I have hard water and, after carbon filtering, use about 50% distilled.

Do you have a way to measure PH?
 
Your fermentation temperature was around 70° for three weeks. Did you use heat to hold the wort temperature at 70° or was that the ambient air temperature? If that was the ambient air temperature, the wort temperature was a lot higher than that. Result harsh fusel alcohols. SA-05 works best at 62° to 64°.

An 8% stout is a big beer. Big beers need more time for bottle conditioning than an average 1.042 beer. Give the your stout 6 to 8 weeks for flavor development.

My palate would tell me to use only 4 ounces of black patent. That is just a personal preference of mine considering the lingering flavor of black patent in my mouth.
 
I'd definitely give it some time to age. I still have a few of my first Oatmeal stouts I made and they are a lot better after a year and a half. I can't help much with the PH because I'm still learning about it.

The one thing that makes me wonder is how long did you cold steep the coffee. I tried it twice and the first time I didn't have time to bottle . I left it steep for over 48 hours and it was horrible. I still can remember how it tasted. I dumped the coffee and started over. 24 hours was about perfect.

You need to get that temperature lower. I don't have a dedicated fermentation chamber but I use different places around my house to keep the temps lower. In the summer I use my cellar which it almost to cold. I have a water storage room which stays pretty cool because of the thermal mass of water in it. If I was you, I'd look into swamp coolers. :mug:
 
air temp in the house averages 75 at night and 82 during the day. i have a cooler bag, (cool-brewing.com) and rotate out frozen water jugs. i'm on that pretty hard. my process is:
day 1-10 rotating bottles 3 times a day, thermometer usually reads 65-68
days 11-18 rotate bottles in the morning and night. 70-72.
and the last few days i let sit at room temp. 75-80
i dont have issues with off flavors on my IPA, brown and Amber. the Stout is the thorn in my side right now.

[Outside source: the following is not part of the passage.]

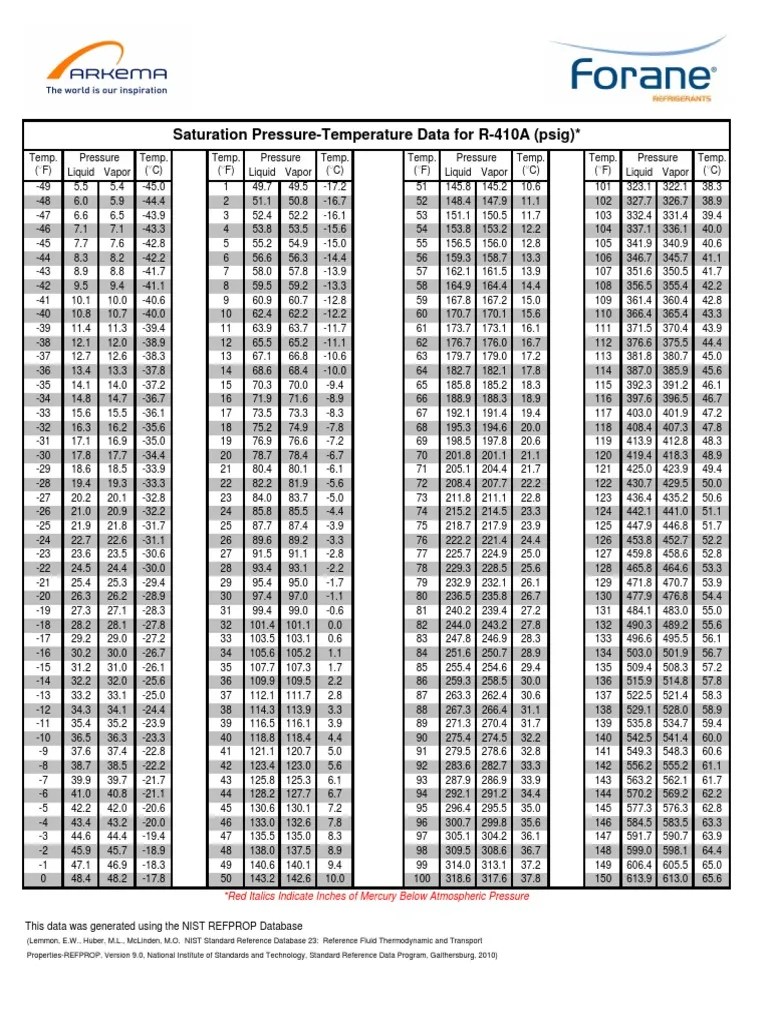 Forane 410A Pressure Temperature Chart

my wife made the coffee. shes got the cold brew thing down. it was a light roast, steeped overnight.
the chocolate nibs were soaked in vodka for 4 days.

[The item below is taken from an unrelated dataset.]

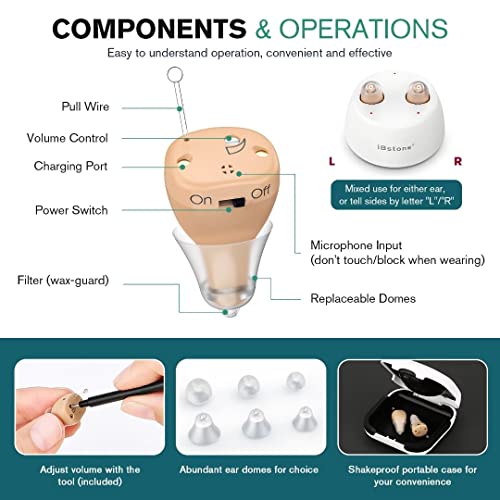 iBstone Rechargeable Hearing Aids, Mini CompletelyinCanal Hearing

i dont have any pH strips or water testing kits. so ill either stay away from stouts until i get my hands on some, or give a small gallon test batch with a mixture of well water and bottled water.
im reading up on water. wow thats a whole new learning curve.
 
pH doesn't realy matter for extract brewing the lme is already pH balanced and has minerals added to it. All you are doing with extract is diluting and pre mashed concentrated wort, steeping a few pounds of specialty malts doesn't need any mineral or pH adjustments. If you where doing an all grain batch then I would be concerned with the pH. Have you made this recipe in the past? Maybe try cutting out the brown sugar and replacing it with some dme I have found that some times adding sugar can give a twang. I find beer yeast like eating malt sugars a lot better then regular sugar.
 
pH doesn't realy matter for extract brewing the lme is already pH balanced and has minerals added to it. All you are doing with extract is diluting and pre mashed concentrated wort, steeping a few pounds of specialty malts doesn't need any mineral or pH adjustments. If you where doing an all grain batch then I would be concerned with the pH. Have you made this recipe in the past? Maybe try cutting out the brown sugar and replacing it with some dme I have found that some times adding sugar can give a twang. I find beer yeast like eating malt sugars a lot better then regular sugar.

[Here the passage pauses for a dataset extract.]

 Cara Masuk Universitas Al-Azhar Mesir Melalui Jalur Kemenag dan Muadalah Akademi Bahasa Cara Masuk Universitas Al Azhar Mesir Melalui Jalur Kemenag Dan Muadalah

Will the sugar twang mellow out with time?
 
To help you out I tried an experiment. I opened one of my Dry Irish Stouts. OG 1.042 FG 1.013. ABV 4.2%. Was in the bottle for four days at 68°. Chilled it outside for a few hours at about 12°F.

It was terrible. Mouth coating syrupy, bitter, and acrid. Did I make a mistake, especially have 10 more gallons fermenting? No. I give the Dry Irish Stout a minimum of 4 weeks for bottle conditioning. It is one of my favorite brews.

Given yours is 8%, it probably just needs more time.
 
Will the sugar twang mellow out with time?

sugar twang will mellow with time. ive only noticed it with my apple ciders since both apple juice and sugar are both highly fermentable.

i havent had an issue with table sugar in beers. the only extract i have found here is an Dark/Amber extract that is a bit sweet. i dry it out with 1lb of table sugar per 5 gallon batch. if it is a lower gravity beer ill only use a 1/2 lb. this was an 8 gallon batch and imperial so i went with 1.5lbs. the body was a little thin and i like my stouts with a thicker mouthfeel so ill drop that by .5 - .75 lbs next time.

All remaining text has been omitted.